Return the data exactly, apart from leaving out the pictures.

### AVAILABLE DATA
=== Begin Enclosure ===

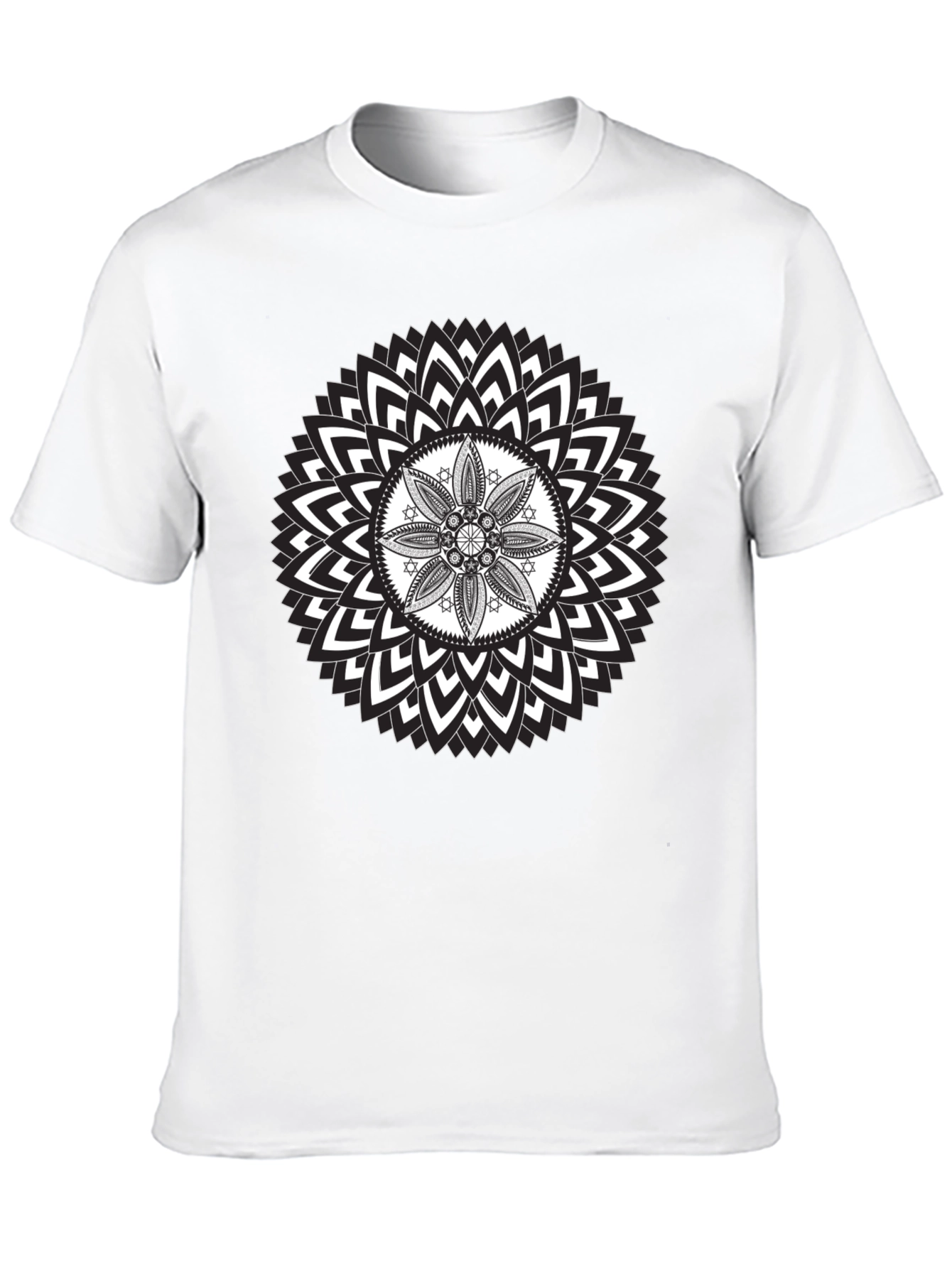Geometric Mandala Graphic Print Black T-Shirt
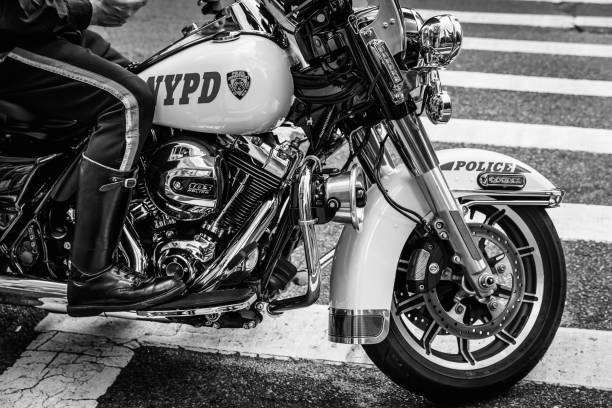 New York, USA - Sep 17, 2017: Black and white image of NYPD officers on motorcycles providing security in Manhattan. NYC Police Department (NYPD) is the largest municipal police force in the US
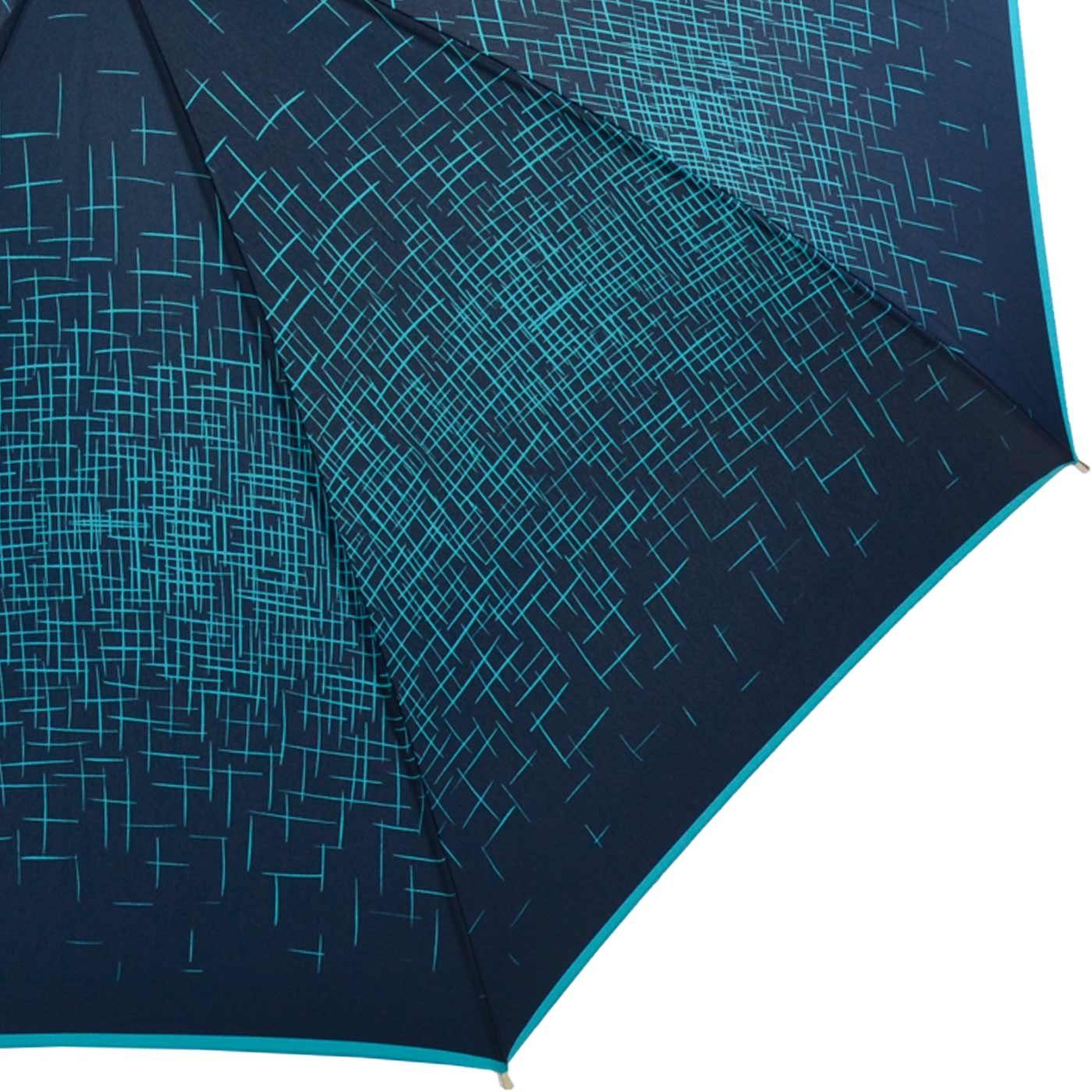 bedruckter Langregenschirm den der für Auftritt großen doppler® Auf-Automatik, extravagant Damenschirm besondere navy-blau Schirm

=== End Enclosure ===

### YOUR RESPONSE
Geometric Mandala Graphic Print Black T-Shirt
 New York, USA - Sep 17, 2017: Black and white image of NYPD officers on motorcycles providing security in Manhattan. NYC Police Department (NYPD) is the largest municipal police force in the US
 bedruckter Langregenschirm den der für Auftritt großen doppler® Auf-Automatik, extravagant Damenschirm besondere navy-blau Schirm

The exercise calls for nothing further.